Hoogkwalitatieve diabeteszorg door huisartsen

Chronische zorg is een uitdaging waar we allemaal voor staan, daar speelt de veroudering van de hele bevolking een rol in . Diabetes is het grote voorbeeld: we kunnen nu al voorspellen dat in 2030 één op tien van de mensen suikerziekte zullen hebben. Hoe moeten we concreet voor die 600.000 Belgen de beste zorg op een betaalbare manier organiseren? Het Academisch Centrum voor Huisartsgeneeskunde van de K.U.Leuven presenteerde vorige week twee wetenschappelijke doctoraten over de opstart van een recente innovatie in de Belgische gezondheidszorg : de zorgtrajecten voor diabetes.
Het dubbeldoctoraat dat Geert Goderis en Liesbeth Borgermans met succes verdedigden, tekent oplossingen uit en beschrijft wegen om de zorgtrajecten in de praktijk toe te passen.

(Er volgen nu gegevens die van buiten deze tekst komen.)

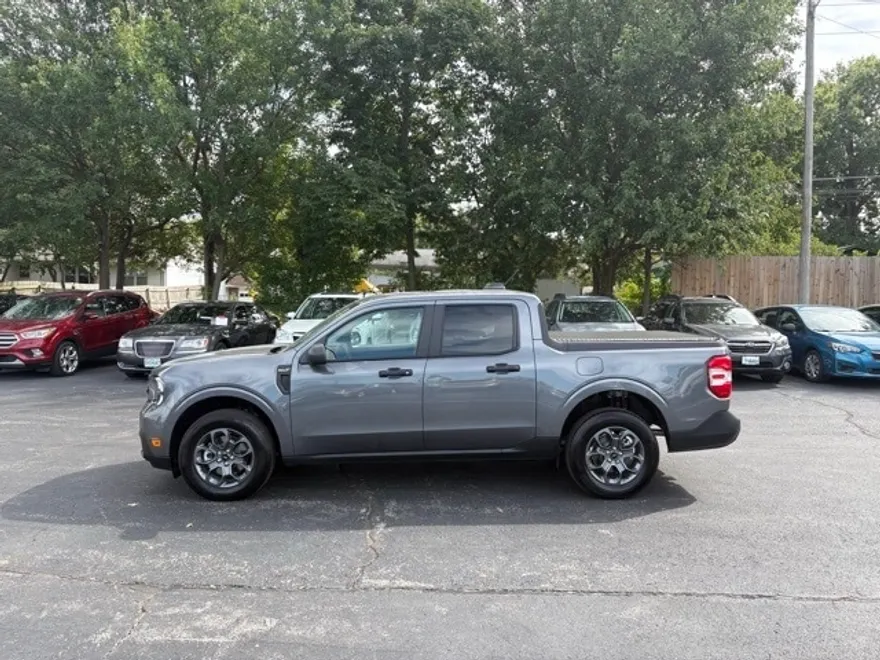 2025 Ford Maverick XLT photo 1
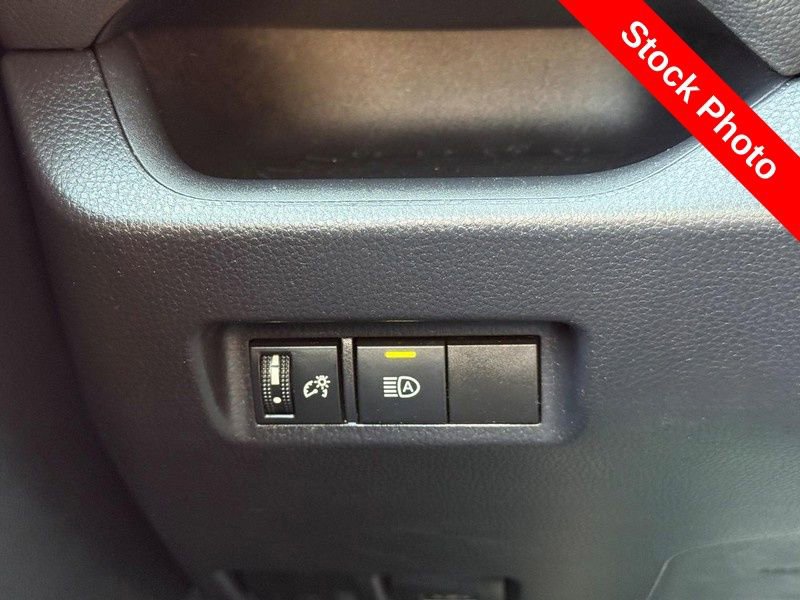 Used 2019 Toyota RAV4 LE AWD/4WD image 29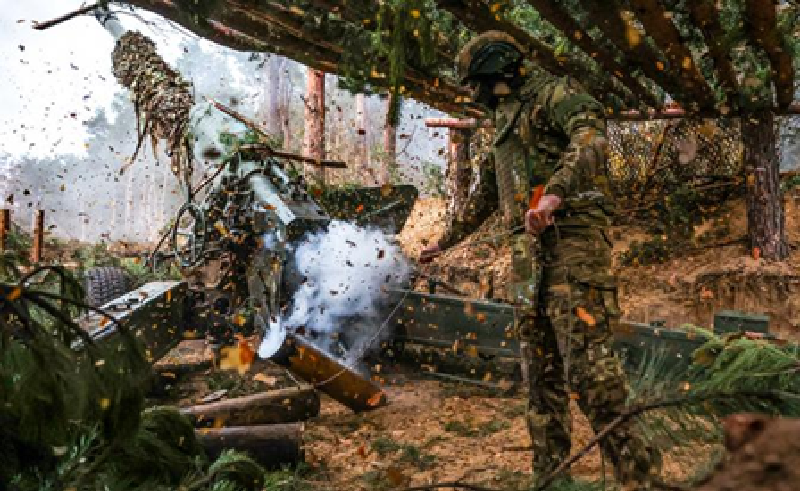 Do đó, khu vực này vô cùng quan trọng đối với quân đội Ukraine, đặc biệt khi quân Nga đã hình thành thế bao vây ba mặt về mặt địa lý đối với lực lượng Ukraine ở phía bắc, khiến Viktorovka càng trở nên thiết yếu hơn. Ảnh: TASS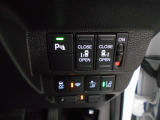 パーキングセンサーや横滑りを防ぐVSA等のスイッチ類は運転席の右側、手の届きやすい位置にあります。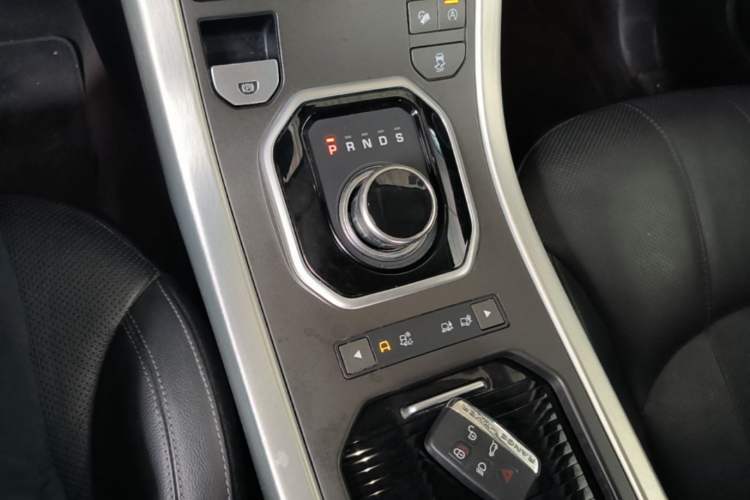 Used Land Rover Range Evoque 2017 2.0T SE PLUS Smart Enjoyment Edition Gear Lever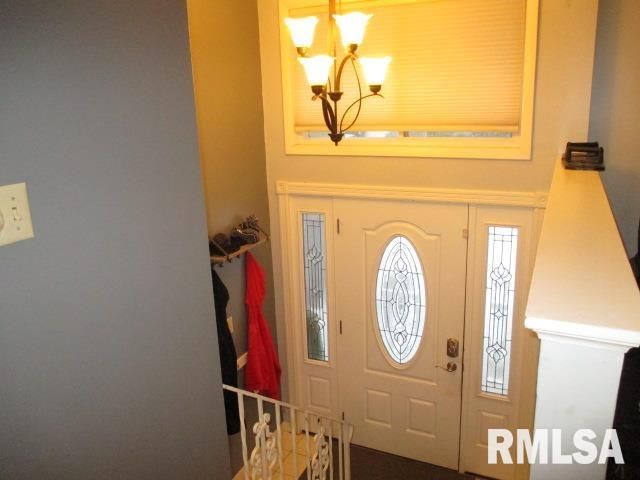 7120 N MANNING Drive, Peoria, IL 61614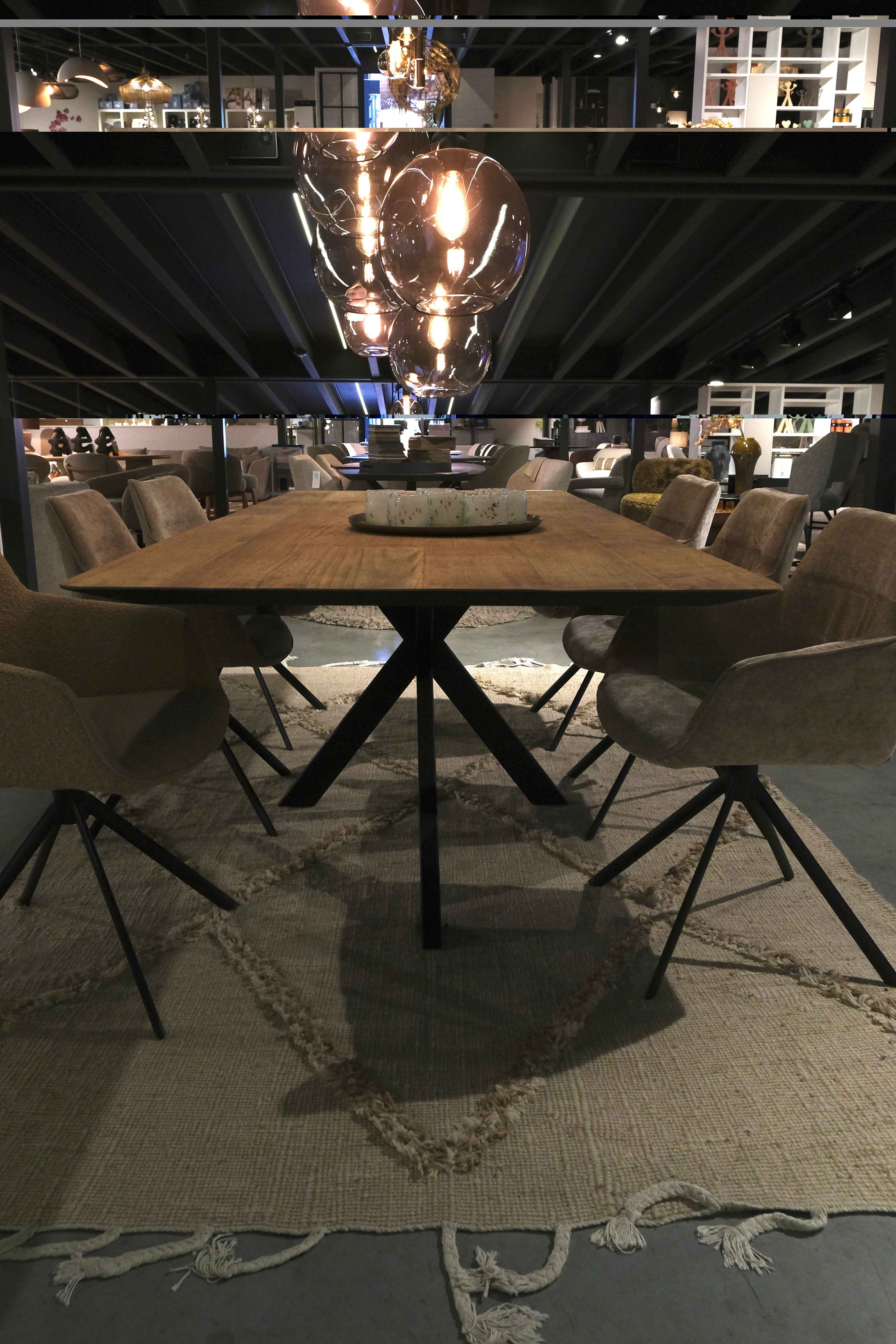 EETTAFEL JUTTA RECHT SPIDER - afbeelding 2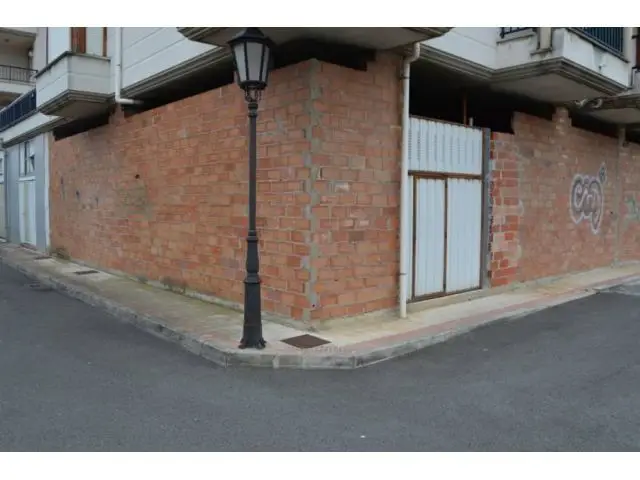 Locales Comerciales en Colindres Centro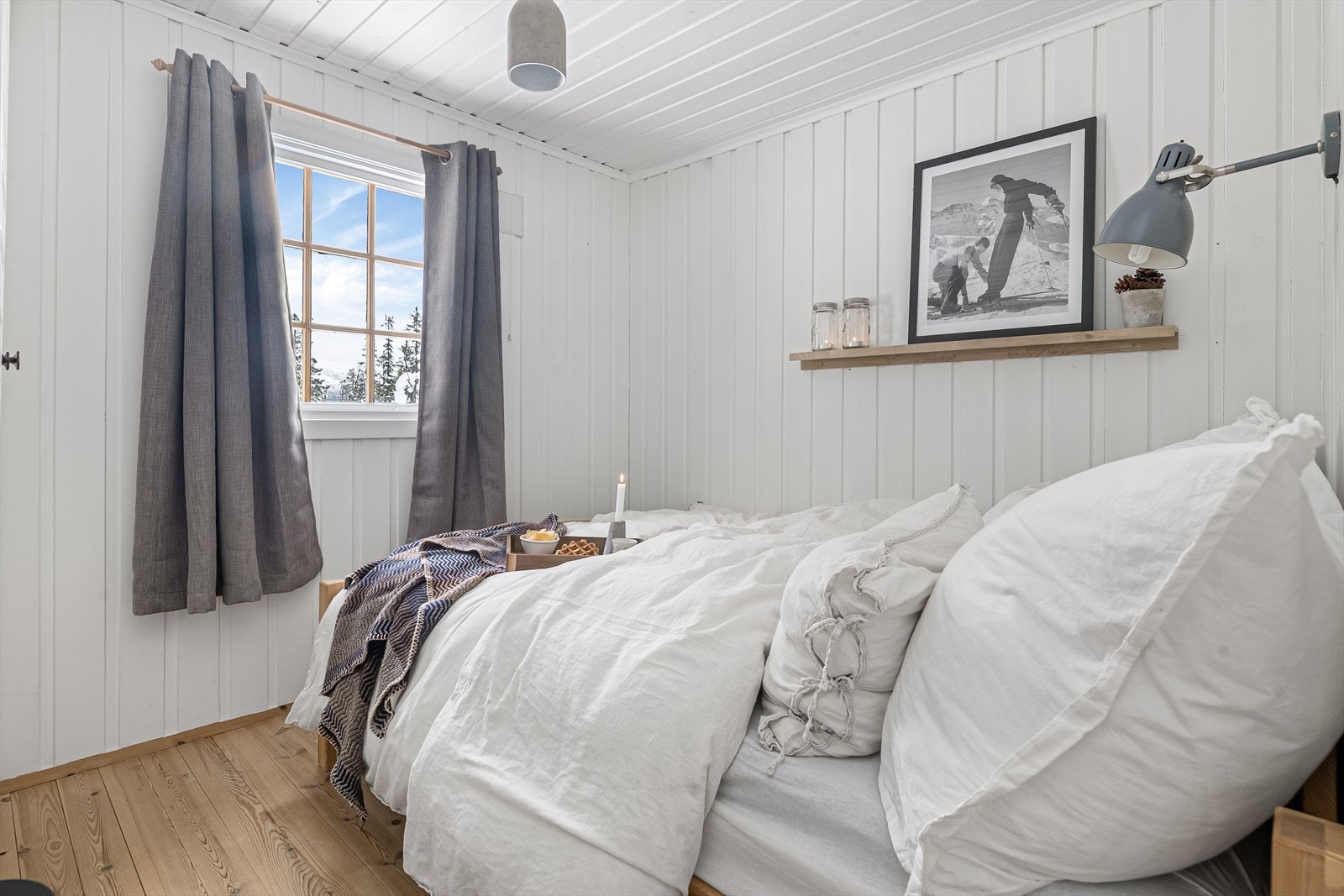 I hytta er det i dag tre lyse og pene soverom. Galleribilde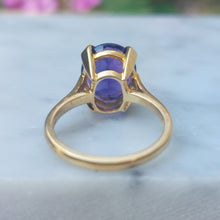 Load image into Gallery viewer, 4ct Amethyst Vintage Dress Ring in 18ct Yellow Gold
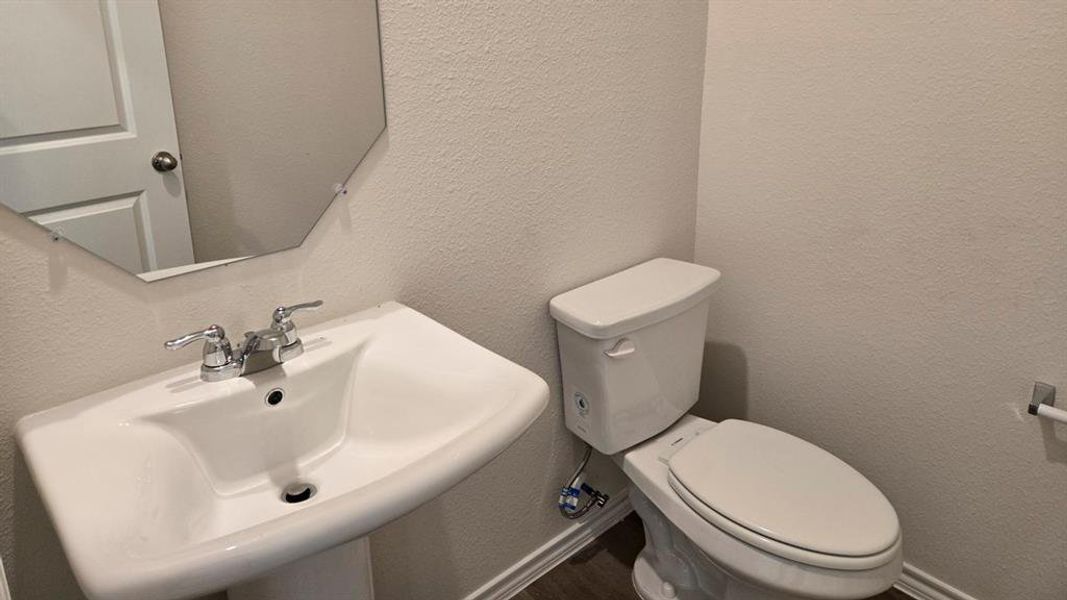 Furnished interior view inside a new home in Hanolley Hills, Sherman (Image 4).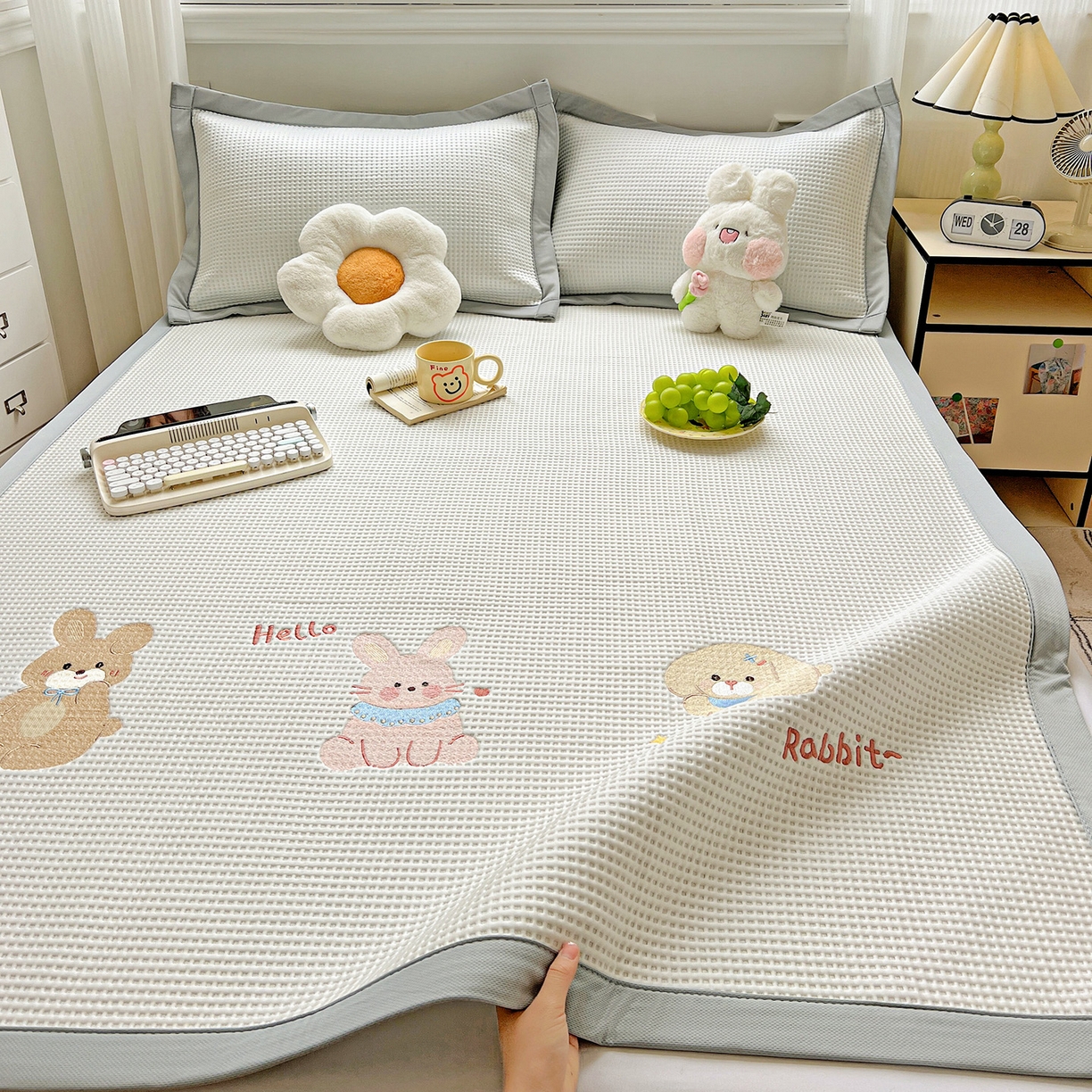 慕尚家纺 2025新款冰豆豆带有乙纶刺绣凉席席子床席款 太棒了的兔-白 床席款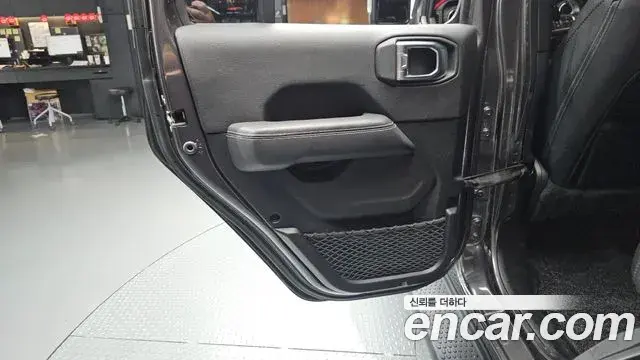 Jeep Wrangler 2019 — Photo 11/31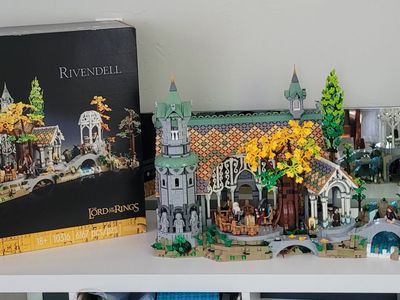 Rivendell lego set-100% complete with box and instructions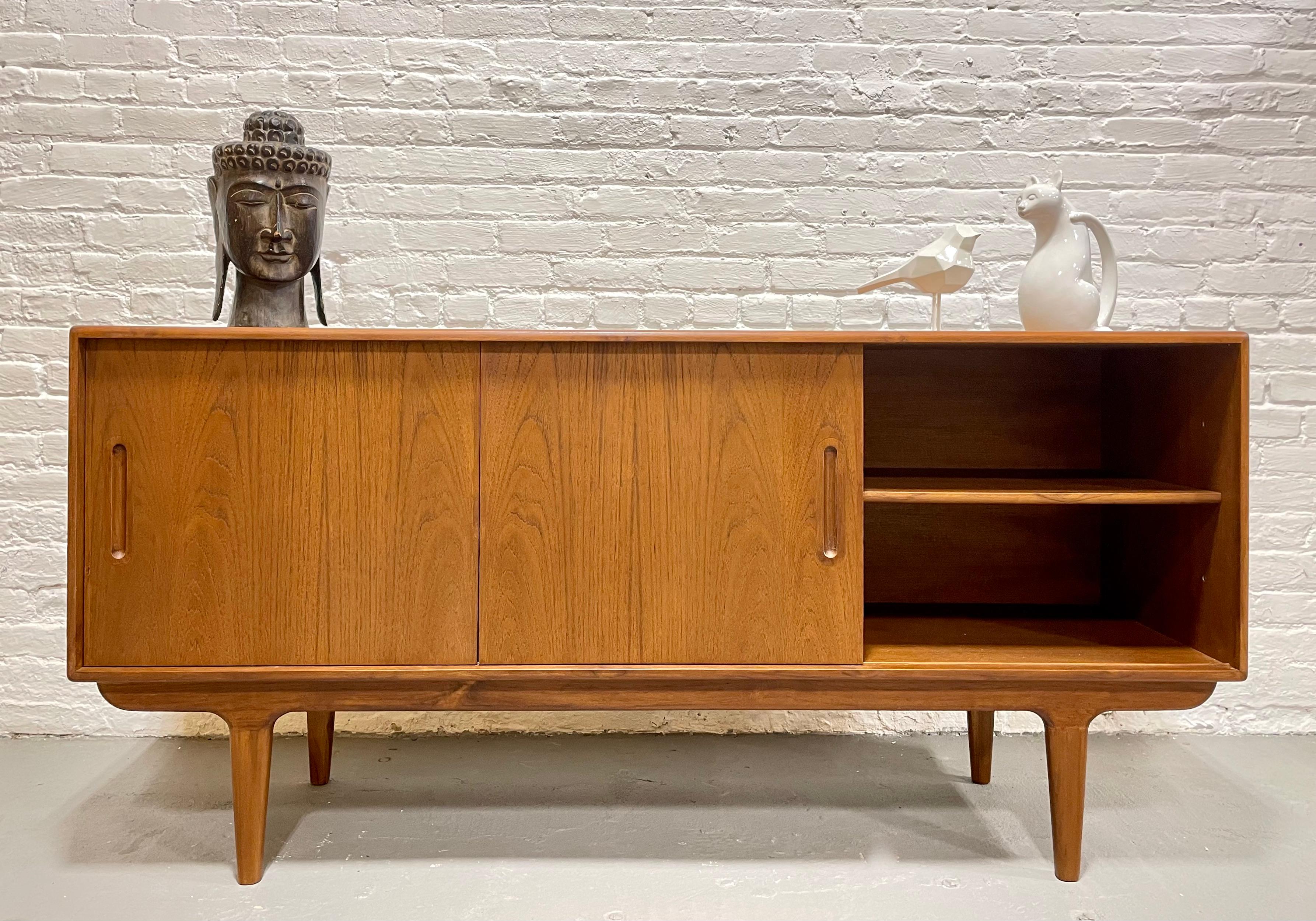 Classic Mid-Century Modern Styled Credenza / Media Stand For Sale 4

Inclusief de gezondheidseconomische kost ervan.
Aan de basis ligt een groot wetenschappelijk onderzoeksproject dat in opdracht van het riziv van 2004 tot 2008 in de Leuvens regio liep. 120 huisartsen waren bereid de zorg aan hun 2500 type 2 diabetespatiënten te optimaliseren. Ze deden dit met de hulp van de onderzoeksploeg van het Academisch Centrum huisartsgeneeskunde en van de afdeling diabetologie van het UZ Gasthuisberg, via een permanent beschikbaar steunteam diabetes in het Medisch Centrum van Huisartsen te Leuven en Wezembeek Oppem. Anderhalfjaar lang zijn de resultaten intensief opgevolgd.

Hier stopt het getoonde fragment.